Re: CVS commit: src/sys/netinet

2017-12-25 Thread Tom Ivar Helbekkmo
Ryota Ozaki  writes:

> One possible fix has been committed.
>
> Can you update the source code and try a new kernel?

Will do.

Meanwhile, before I got around to building a kernel with debug options
enabled, I had another hang.  Got it into DDB successfully, but then I
managed, while looking for a way to switch between CPUs (the man page is
wrong in this respect), to get DDB to look at something it shouldn't
have, so it just said "fatal pag", and that was that.

I did get a backtrace of CPU 0, though, and it looked interesting:

pool_catchup()
pool_get()
pool_cache_get_slow()
pool_cache_get_paddr()
m_get()
m_gethdr()
wm_add_rxbuf()
wm_rxeof()
wm_intr_legacy()
intr_biglock_wrapper()
Xintr_ioapic_level2()
--- interrupt ---
Xspllower()
uvm_km_kmem_alloc()
pool_page_alloc()
pool_grow()
pool_catchup()
pool_get()
pool_cache_get_slow()
pool_cache_get_paddr()
m_get()
m_gethdr()
tcp_output()
tcp_send_wrapper()
sosend()
soo_write()
dofilewrite()
sys_write()
syscall()
--- syscall (number 4) ---

-tih
-- 
Most people who graduate with CS degrees don't understand the significance
of Lisp.  Lisp is the most important idea in computer science.  --Alan Kay


Re: CVS commit: src/sys/netinet6

2017-12-25 Thread Paul Goyette

On Tue, 26 Dec 2017, Ryota Ozaki wrote:


Well, since the lock _might_ be released (and subsequently reacquired)
by callout_halt(), it might be easiest to modify all the callers to
just unlock it before calling nd6_dad_stoptimer(), and reacquire the
mutex after it returns (as well as re-establishing any values that
might have changed while the mutex was released).

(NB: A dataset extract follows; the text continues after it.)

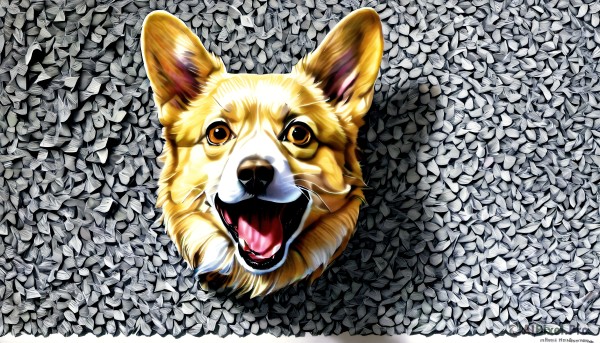 HQ,solo,looking at viewer,open mouth,brown eyes,teeth,tongue,tongue out,no humans,animal,fangs,from above,looking up,dog,animal focus,shiba inu,grey background,watermark,realistic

The callers needs to be prepared for the release/reacquire situation
anyway, so the change should not be significant.  As noted in the
callout_halt(9) man page

   ...to avoid race conditions the caller should always assume that
   [the] interlock has been released and reacquired, and act
   accordingly.


Alternatively, you could modify all the callers to always acquire the
mutex before calling nd6_dad_stoptimer().

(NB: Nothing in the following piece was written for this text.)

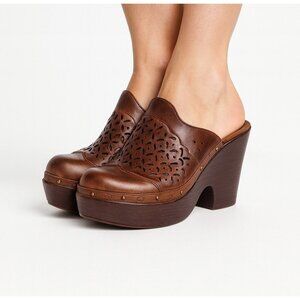 Indigo By Clarks Rich Brown Leather Block 3.5 Heel Mules Slide Clog Shoes Sz 9 M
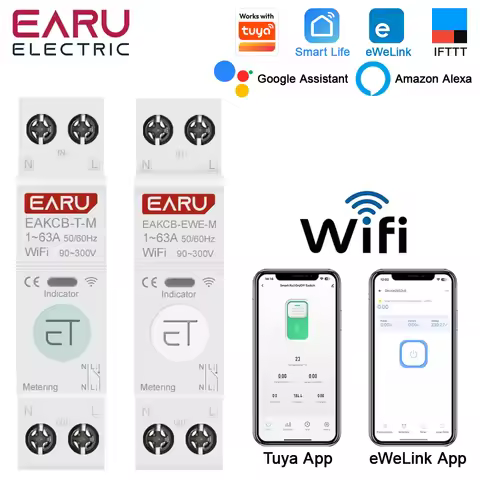 Tuya eWeLink WiFi Smart Circuit Breaker 1P+N 63A MCB Time Relay Switch Energy Meter kWh Voltage Curr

I mean such changes are tough and mess up many codes which we don't hope.


Yes, the changes are not trivial.  But the first option above should 
already have been done when you changed from callout_stop() to _halt().



But making a run-time decision with mutex_owned() is not a good idea.


If it must be respected we can back to callout_stop because it's unsafe
but NetBSD 7 uses it without any issues; using callout_stop in
nd6_dad_stoptimer might be safe somehow (if not NET_MPSAFE).


IMHO, we definitely do not want to use mutex_owned() in this way.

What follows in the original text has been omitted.